• [REQUIRED ACTION] Each line from the one containing "1N6AD0EV2JN746450 2018 NISSAN" through the last line of the data below should be printed exactly, please, with any pictures omitted.

SOURCE DATA below:

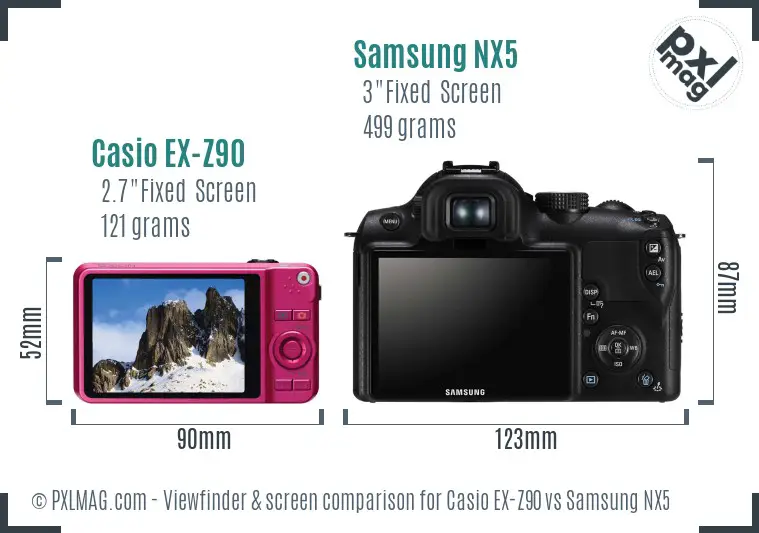 Casio EX-Z90 vs Samsung NX5 Screen and Viewfinder comparison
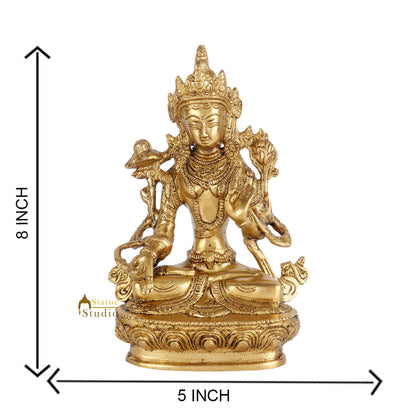 Indian Brass Buddhist Deity Goddess Tara Lucky Décor Gift Showpiece Idol 8" by vendor-unknown - Buddha (View 6)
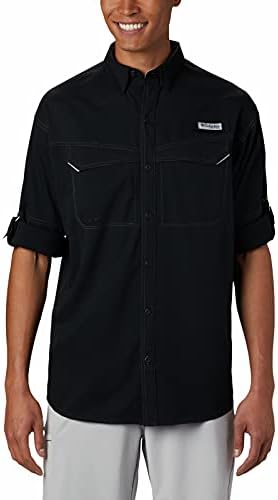 דראג נמוך של קולומביה, חולצת שרוול ארוך של קולומביה, UPF 40 הגנה, בד פיתול לחות, שחור, בינוני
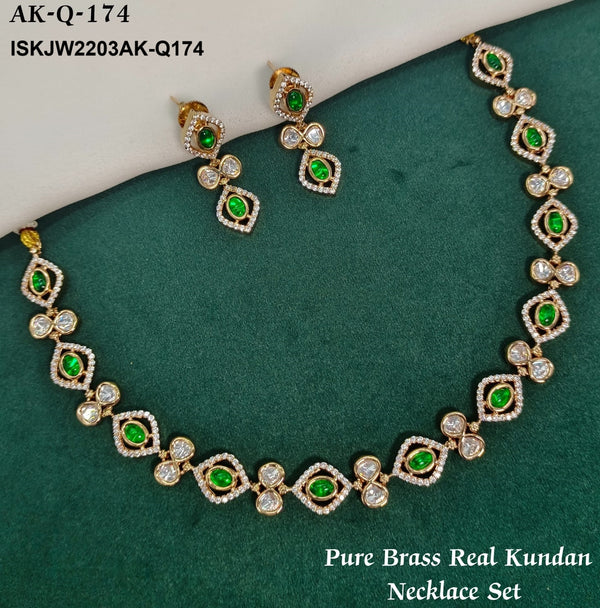 Pure Brass Real Kundan Jewelry Set-ISKJW2203AK-Q174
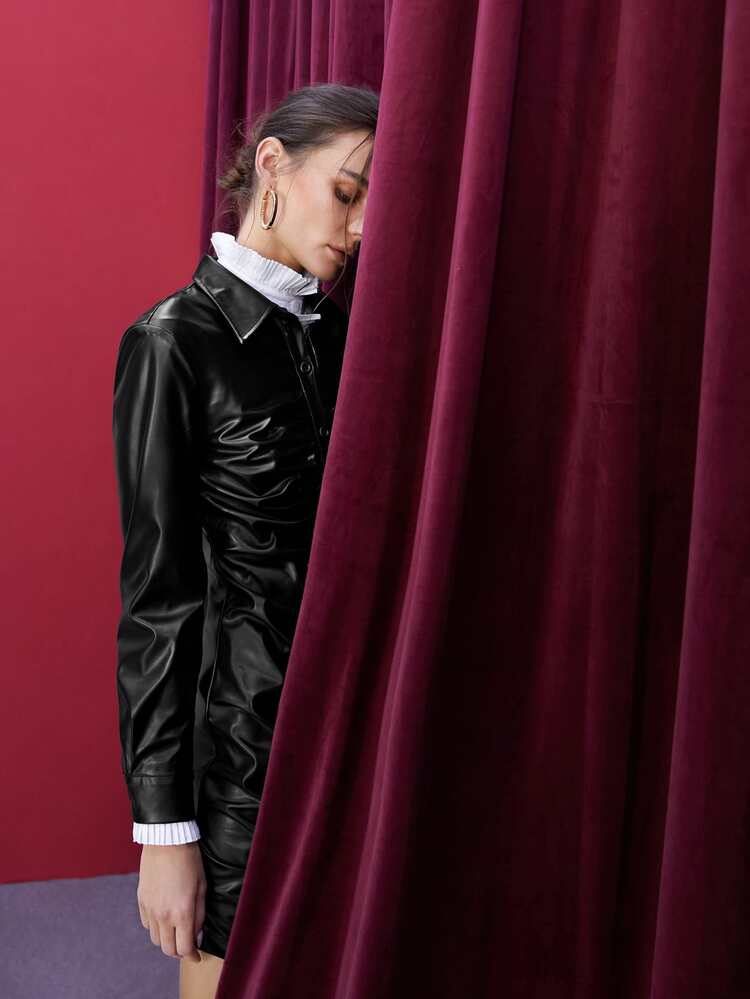 SHEINNeu Ruched Front Button Up PU Leather Dress - Black - View 8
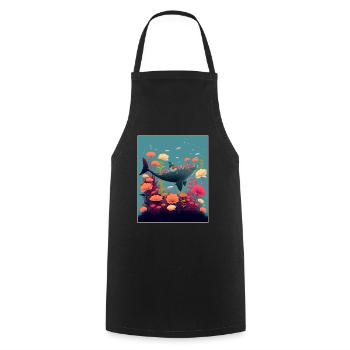 Hai Wal Ozean Pflanzen Maritim Tiefsee Klima - Kochschürze - Schwarz - Vorne - AI Model Male 185 dark (185cm)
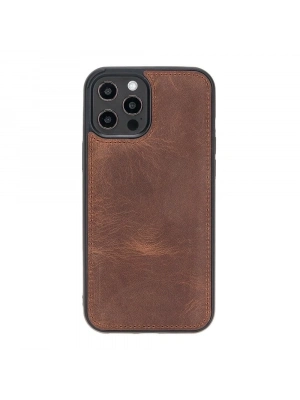 ÇOK SATAN Apple iPhone 12 Pro Max Uyumlu Deri Arka Kapak G2 Kahve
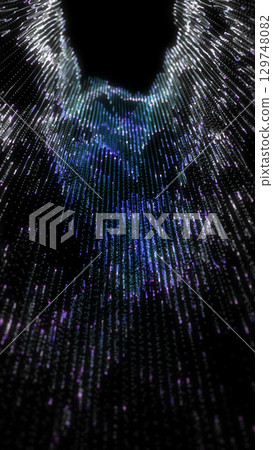 Abstract glowing golden particle wave creating a dynamic, futuristic visual effect 129748082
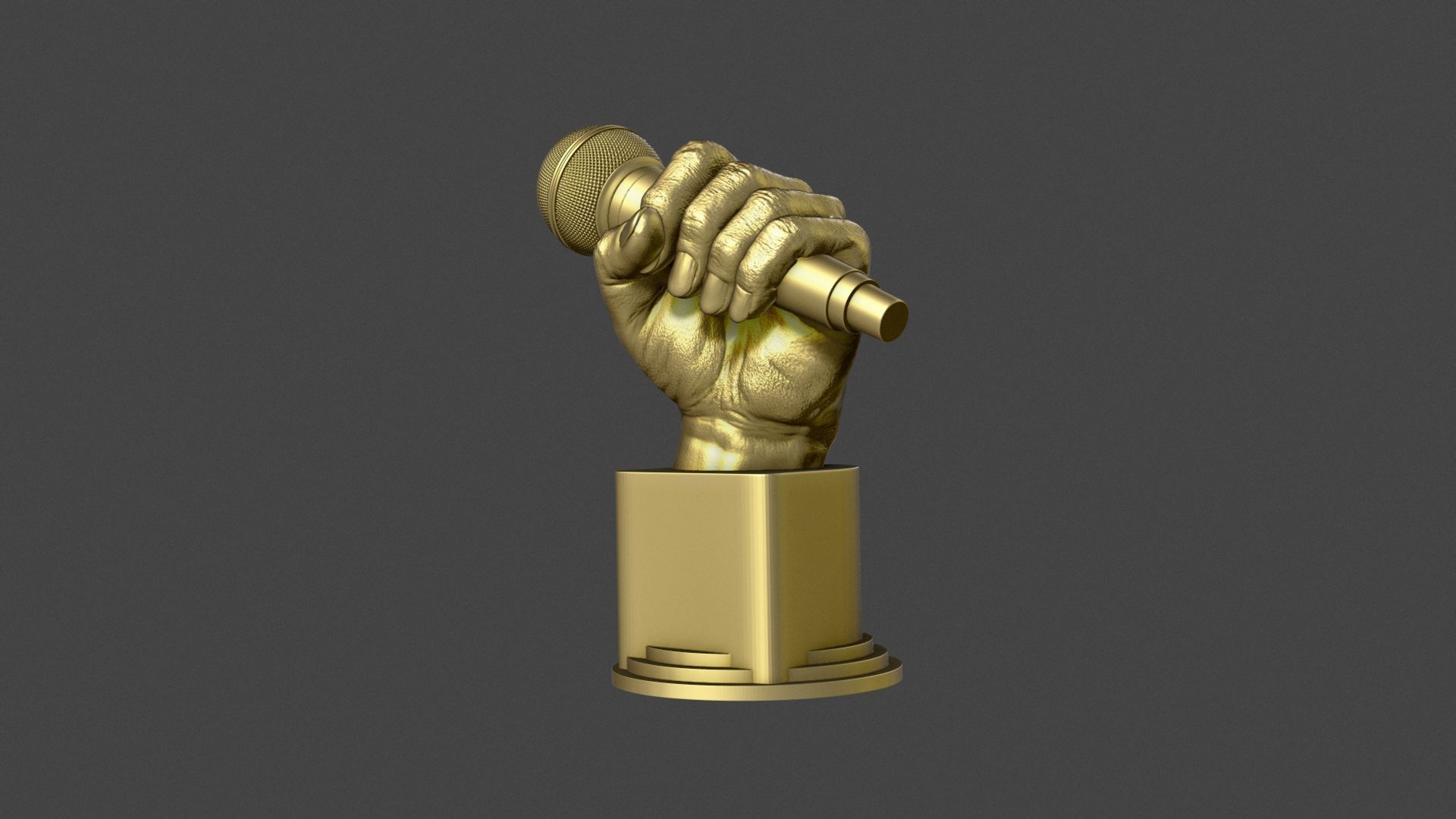 Microphone Trophy 3D print model_2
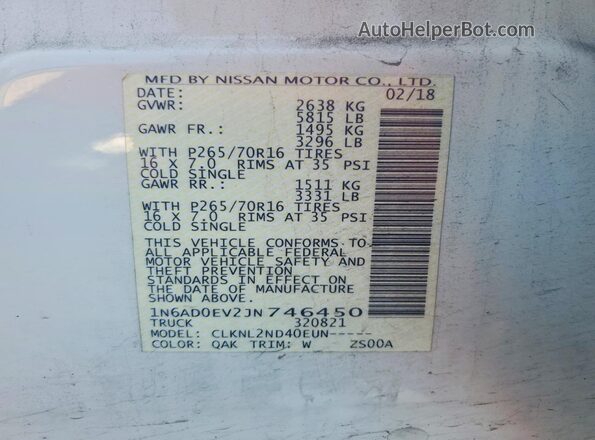 1N6AD0EV2JN746450 2018 NISSAN FRONTIER White Вид підкапотного простору
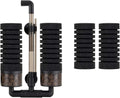 Aquarium Double Sponge Filter, Comes with 2 Spare Sponges, 1 Bag of Bio Ceramic Media Balls, Quiet Submersible Foam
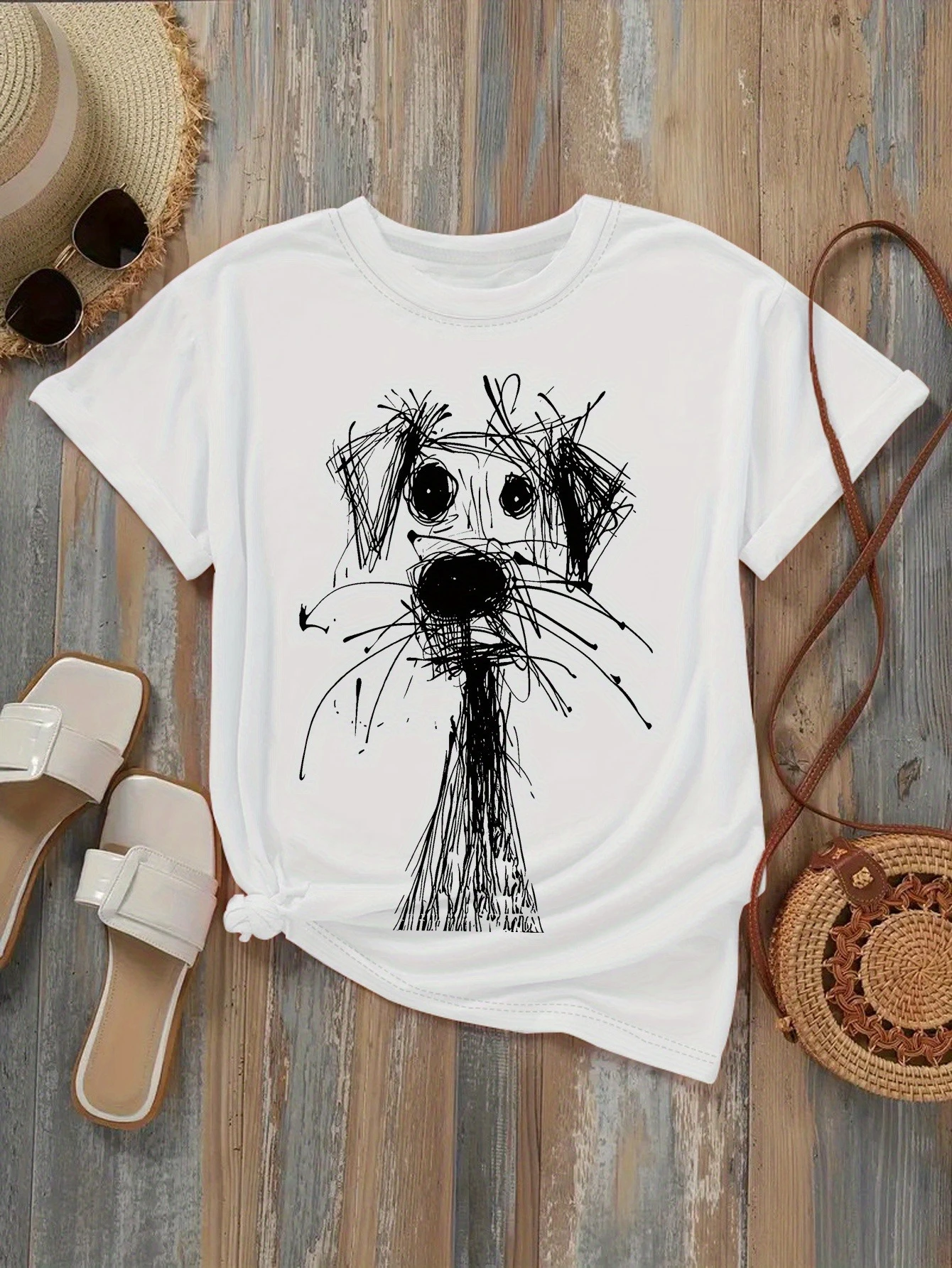 Women's Fashion Printed T-Shirt with Fun Dog Sketch Design Soft Round Neck Short Sleeve Casual Style for Daily Summer Clothing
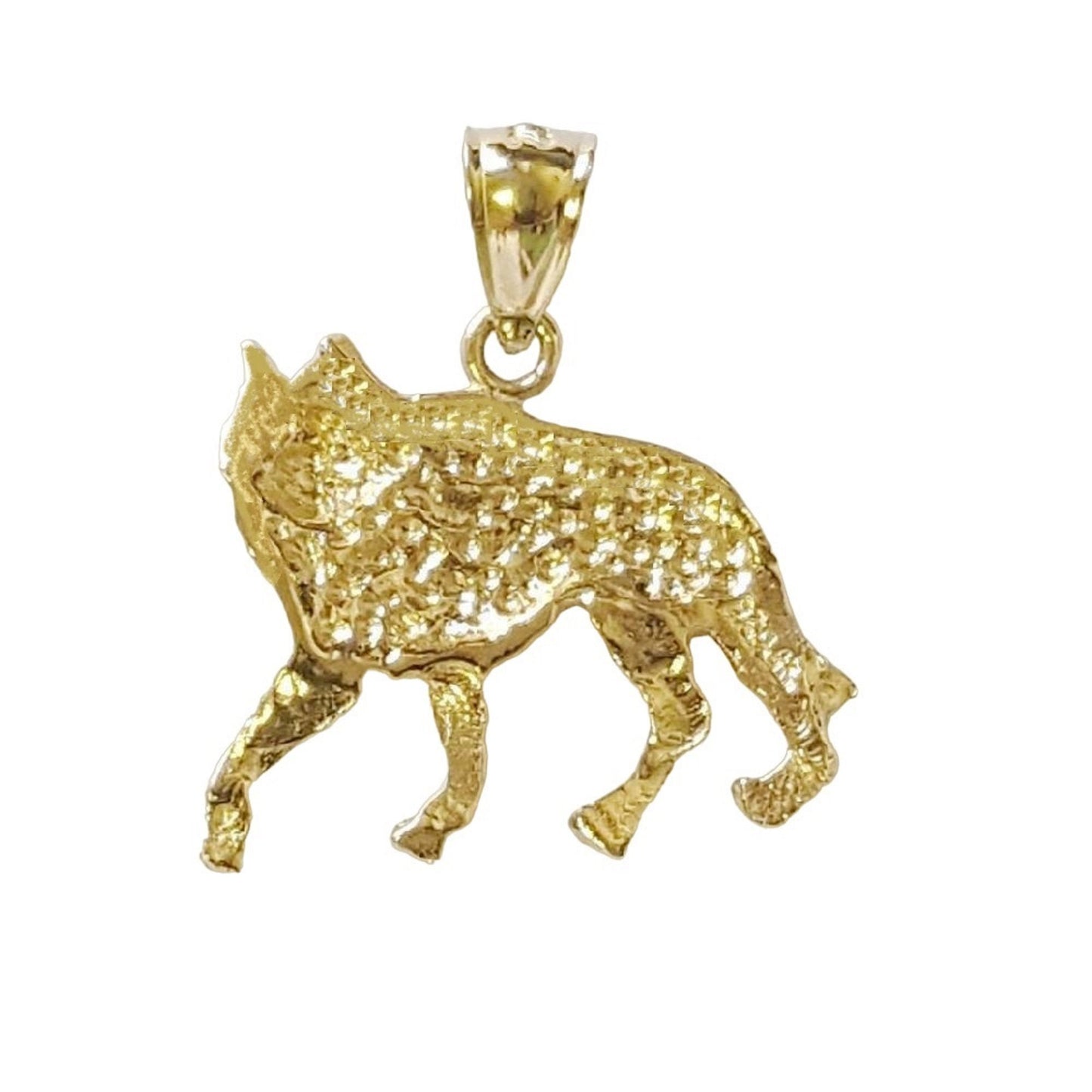 14K Yellow Gold Coyote Wolf Pendant
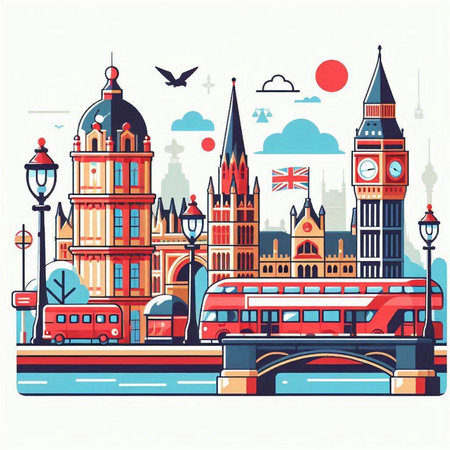 London, United Kingdom, vector illustration in flat style with famous landmarks.のイラスト素材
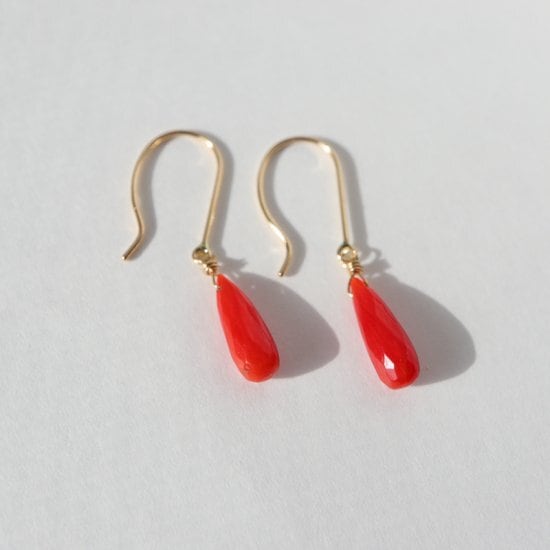 高評価! ピアス(k10*サンゴ)未使用 ピアス(両耳用) - education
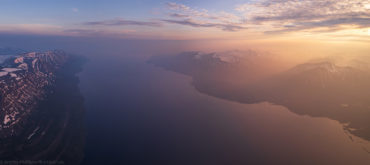 Панорама озера Лама от гор Кураанах до долины Кыгамю Озеро в сторону Мелкого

End of SOURCE DATA.

• [COMPLETED EXERCISE]
 1N6AD0EV2JN746450 2018 NISSAN FRONTIER White Вид підкапотного простору
 Aquarium Double Sponge Filter, Comes with 2 Spare Sponges, 1 Bag of Bio Ceramic Media Balls, Quiet Submersible Foam
 Women's Fashion Printed T-Shirt with Fun Dog Sketch Design Soft Round Neck Short Sleeve Casual Style for Daily Summer Clothing
 14K Yellow Gold Coyote Wolf Pendant
 London, United Kingdom, vector illustration in flat style with famous landmarks.のイラスト素材
 高評価! ピアス(k10*サンゴ)未使用 ピアス(両耳用) - education
 Панорама озера Лама от гор Кураанах до долины Кыгамю Озеро в сторону Мелкого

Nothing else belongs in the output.